Exercise description
What is needed is the full listing written out exactly, minus the pictures.

Source data
——
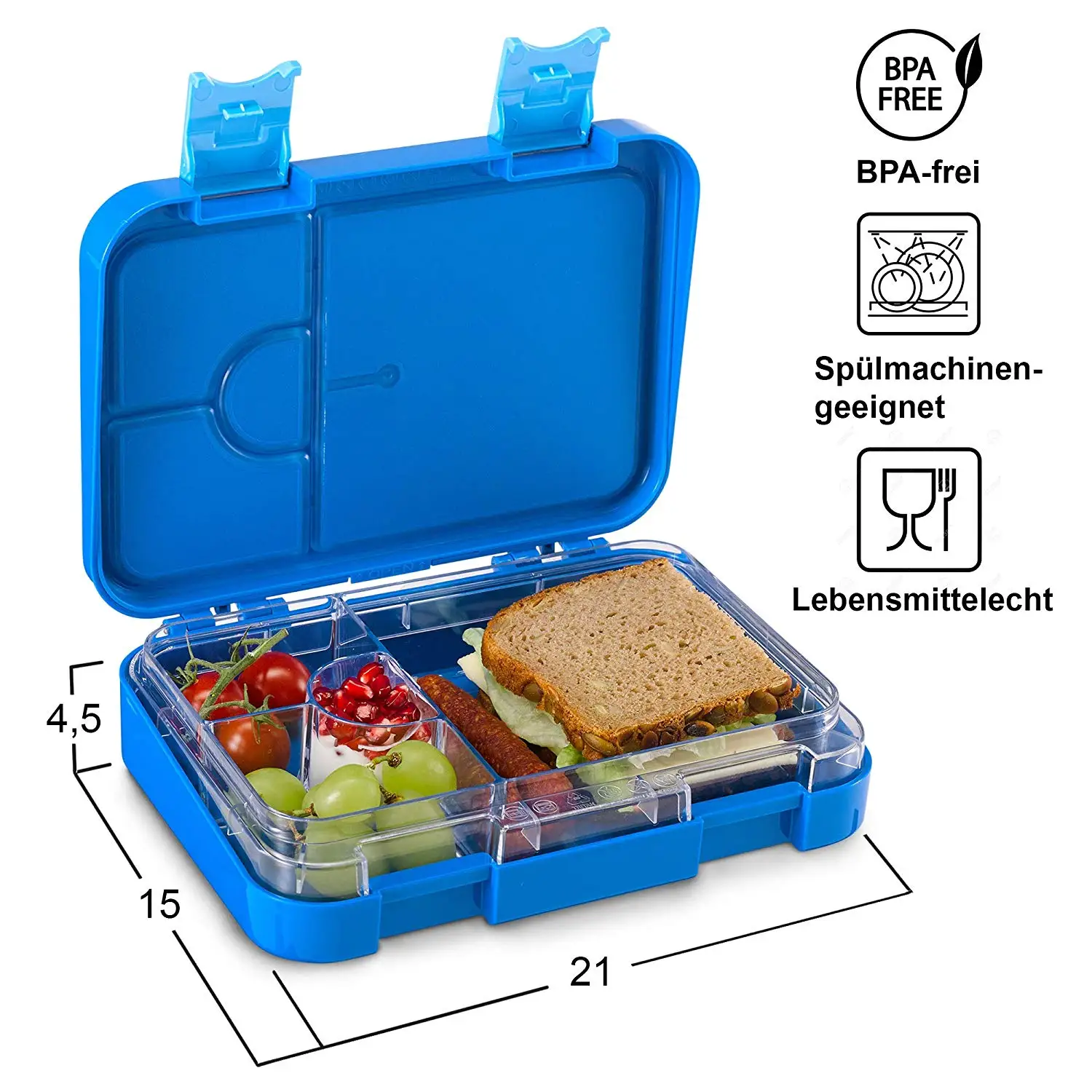Wholesale Buy Leakproof Reusable Kids Lunch Bento Box Plastic Tritan Food Storage Japanese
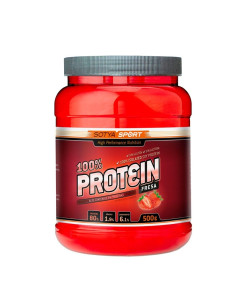 Proteína de soja 100% de fresa 500g Sotya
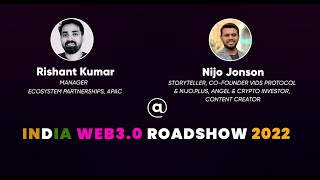 Rishant and Nijo - Bcrypt India Roadshow 2022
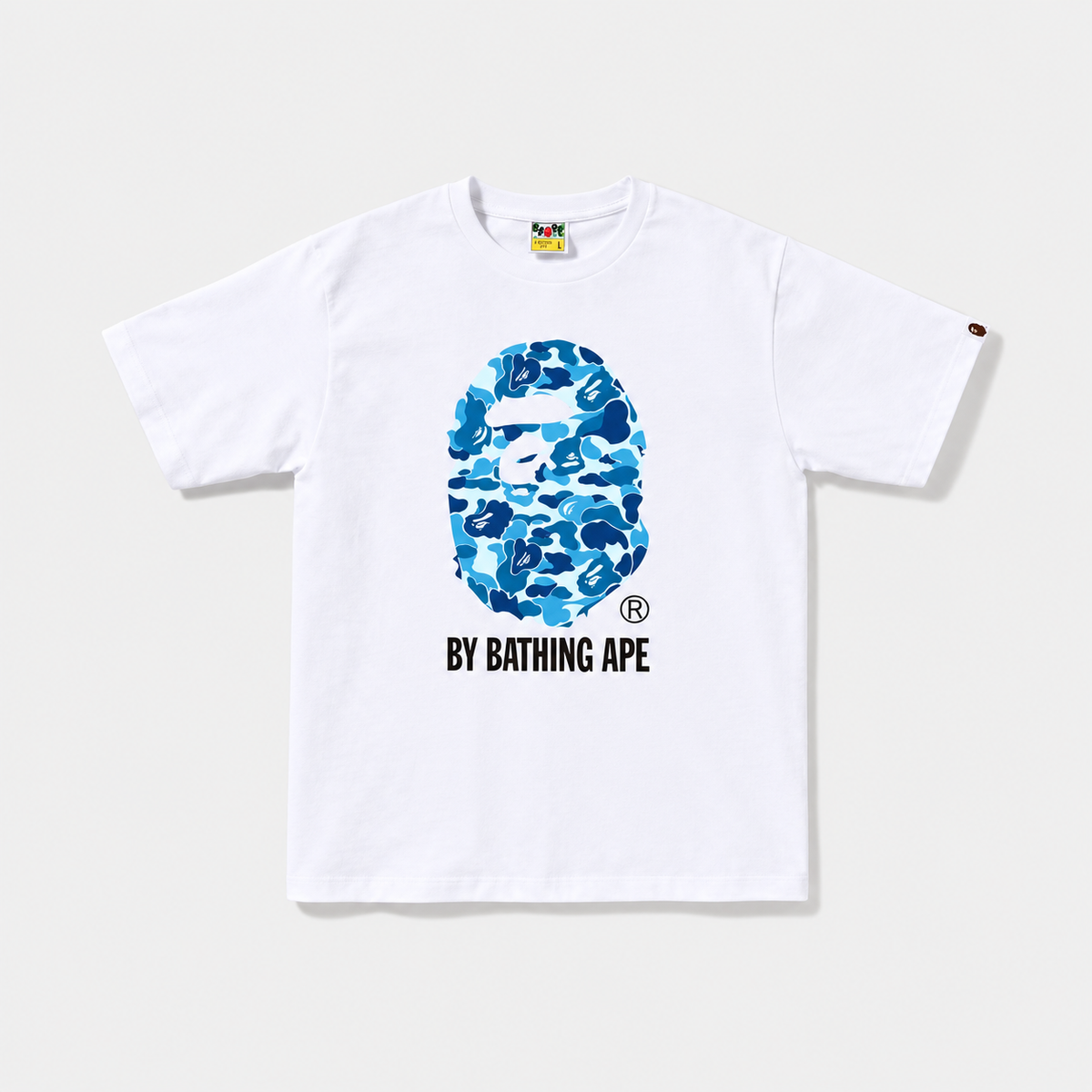 Kira Blue Camo Tee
——
Written answer
Wholesale Buy Leakproof Reusable Kids Lunch Bento Box Plastic Tritan Food Storage Japanese
 Proteína de soja 100% de fresa 500g Sotya
 Rishant and Nijo - Bcrypt India Roadshow 2022
 Kira Blue Camo Tee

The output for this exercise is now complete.